0
votes

I am trying to resample my data annually, but struggle to set the start day of resampling.

import xarray as xr
import numpy as np
import pandas as pd

da = xr.DataArray(
    np.linspace(0, 11, num=36),
    coords=[
        pd.date_range(
            "15/12/1999", periods=36,
        )
    ],
    dims="time",
)
da.resample(time="1Y").mean()

What I am trying to achieve is to get the means of the following periods: 15/12/1999-15/12/2000, 15/12/2000-15/12/2001, 15/12/2001-15/12/2002, ...

1

1 Answers

0
votes

I have solved it by shifting the time to the first month and use the corresponding pandas anchored offset.
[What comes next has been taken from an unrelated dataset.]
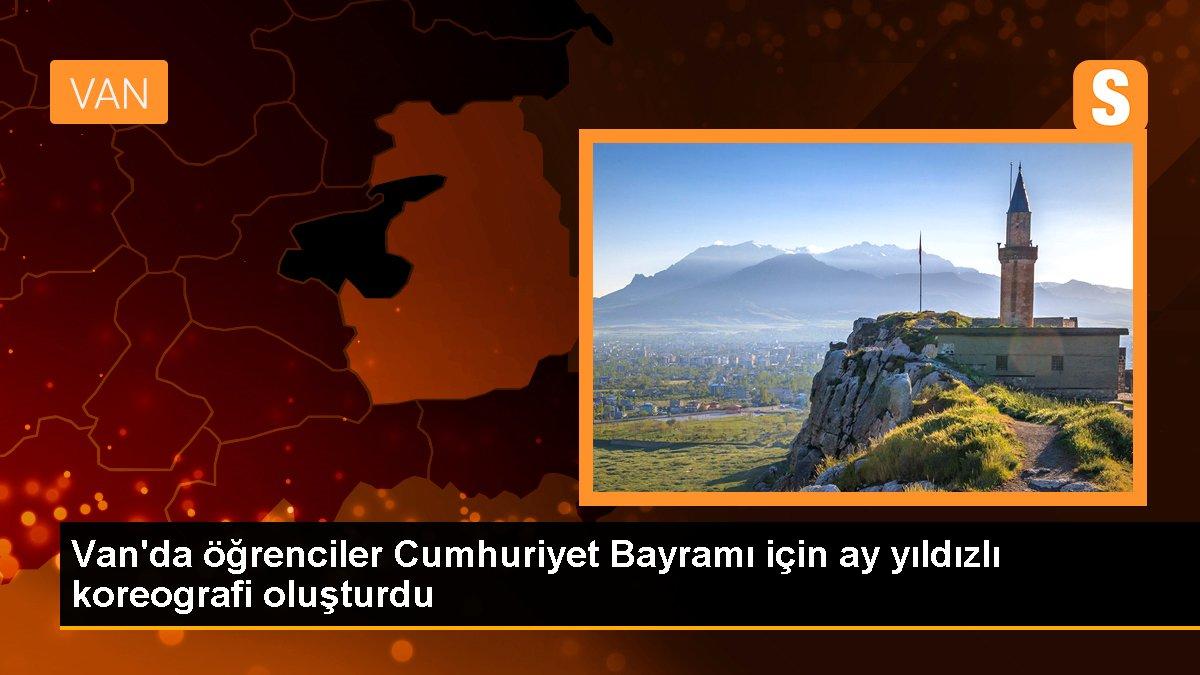 Van\'da öğrenciler Cumhuriyet Bayramı için ay yıldızlı koreografi oluşturdu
Afterwards, reset the time back.

import xarray as xr
import numpy as np
import pandas as pd

da = xr.DataArray(
    np.concatenate([np.zeros(365), np.ones(365)]),
    coords=[
        pd.date_range(
            "06/15/2017", "06/14/2019", freq='D'
        )
    ],
    dims="time",
)

days_to_first_of_month = pd.Timedelta(days=int(da.time.dt.day[0])-1)
da['time'] = da.time - days_to_first_of_month
month = da.time.dt.strftime("%b")[0].values
resampled = da.resample(time=f'AS-{month}').sum()
resampled['time'] = resampled.time + days_to_first_of_month
print(resampled)

Is there a more efficient or clean way?